Exercise input ▸
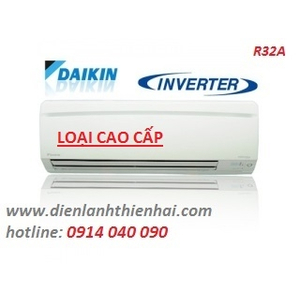 Daikin FTKM25SVMV Inverter Gas R32 CAO CẤP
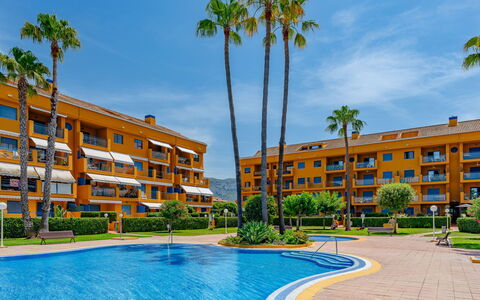 Puerta del Tenis: Appartement, Condominium, Zwembad, Hotel, Toevlucht, Hacienda, Villa, Badplaats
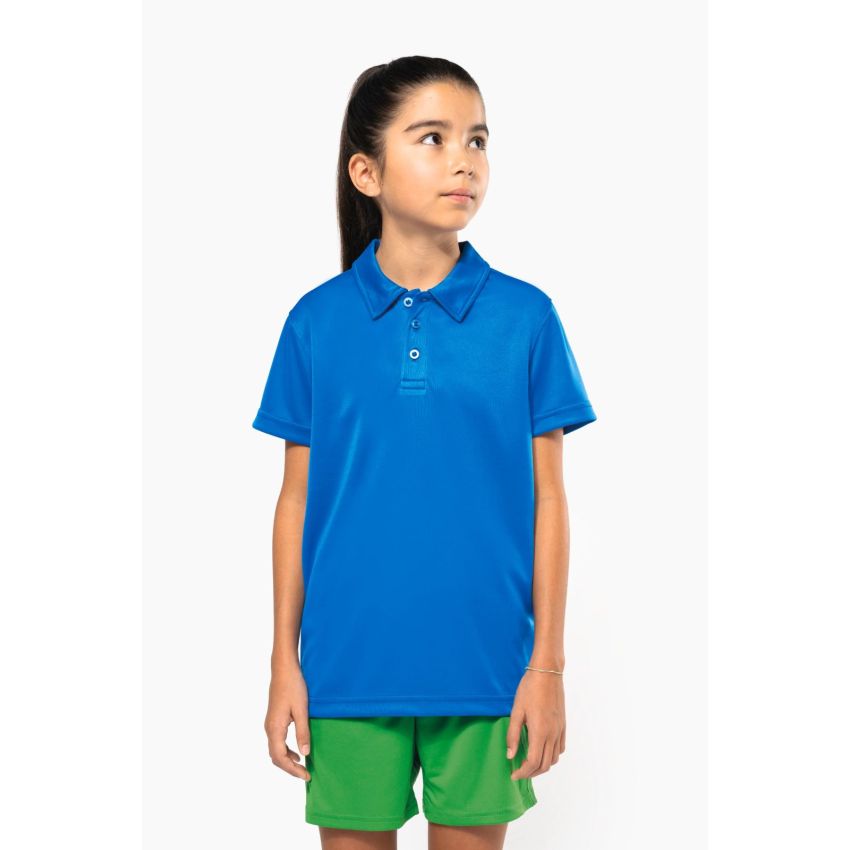 Polo de niño de manga corta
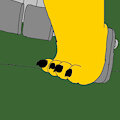 Pushing Pedal Backwards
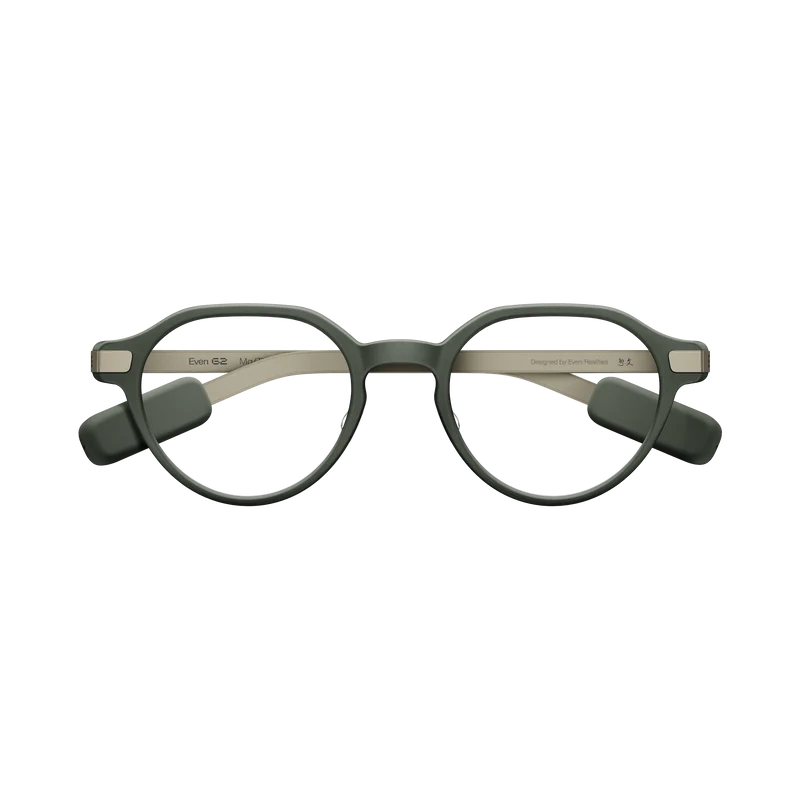 Even Realities G2 A Green1 Smart Glasses
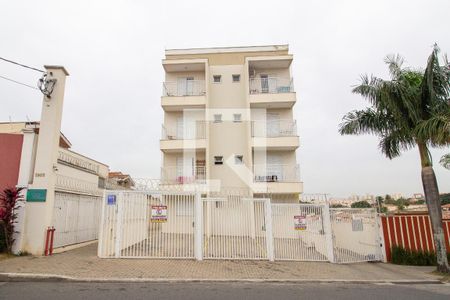 Apartamento para alugar com 60m², 2 quartos e 2 vagasFachada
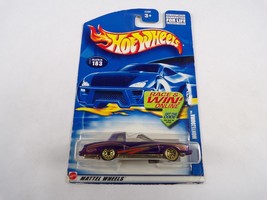 Van / Sports Car / Hot Wheels Race &amp; Win Mattel Wheels 183 #H12 - $13.99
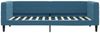vidaXL Tagesbett Blau 90x200 cm Samt 354007 Bild 3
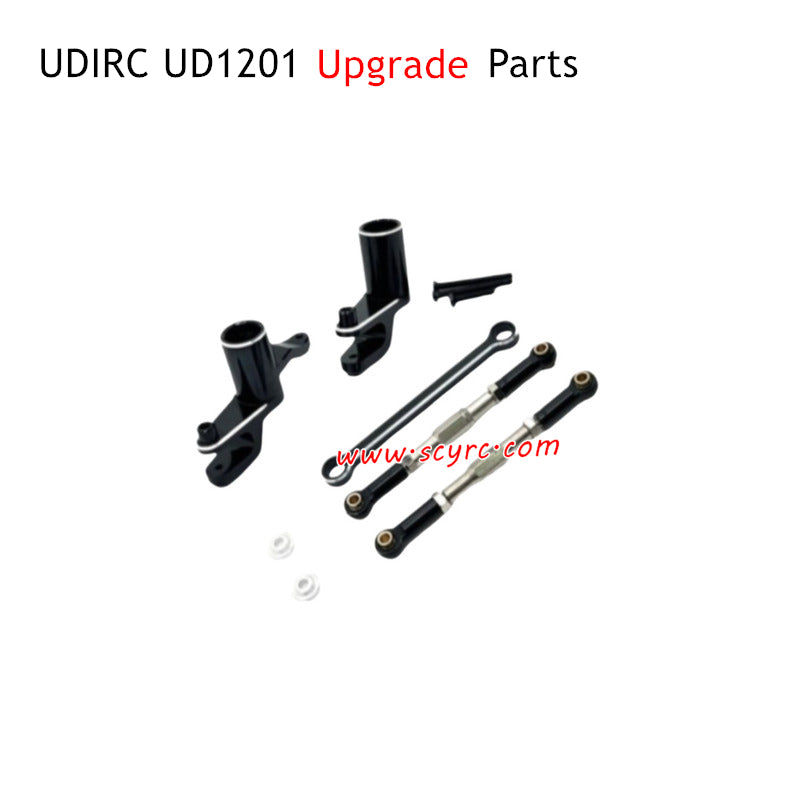 UDIRC UD1201 Upgrade Parts Steering Assembly Black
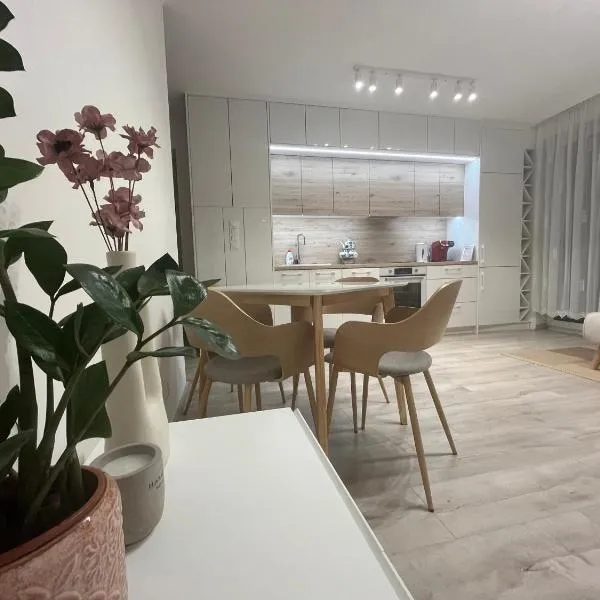Aparthotel Tężnia & Augustów - 24h Klimatyzowane Apartamenty - Parking, hotel v destinaci Augustov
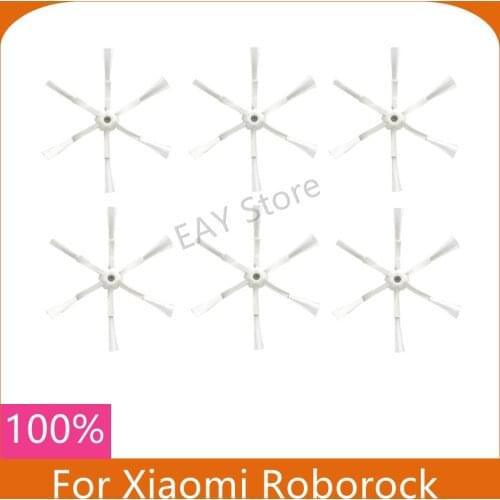 For Xiaomi Roborock S50 s51 S6 S7 s5max S65 T4 T6 S60 Mijia robot vacuum cleaner accessories side brush detachable accessories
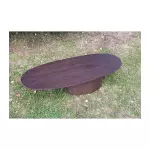 Konferenční stolek NOVUO 110 CM dubová dýha Konferenční stolek NOVUO 110 CM dubová dýha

Task item ▸
Transcribe every line of the data exactly. No pictures go in the copy.

Written response ▸
 Daikin FTKM25SVMV Inverter Gas R32 CAO CẤP
 Puerta del Tenis: Appartement, Condominium, Zwembad, Hotel, Toevlucht, Hacienda, Villa, Badplaats
 Polo de niño de manga corta
 Pushing Pedal Backwards
 Even Realities G2 A Green1 Smart Glasses
 Apartamento para alugar com 60m², 2 quartos e 2 vagasFachada
 Van / Sports Car / Hot Wheels Race &amp; Win Mattel Wheels 183 #H12 - $13.99
vidaXL Tagesbett Blau 90x200 cm Samt 354007 Bild 3
 UDIRC UD1201 Upgrade Parts Steering Assembly Black
Aparthotel Tężnia & Augustów - 24h Klimatyzowane Apartamenty - Parking, hotel v destinaci Augustov
 For Xiaomi Roborock S50 s51 S6 S7 s5max S65 T4 T6 S60 Mijia robot vacuum cleaner accessories side brush detachable accessories
 Konferenční stolek NOVUO 110 CM dubová dýha Konferenční stolek NOVUO 110 CM dubová dýha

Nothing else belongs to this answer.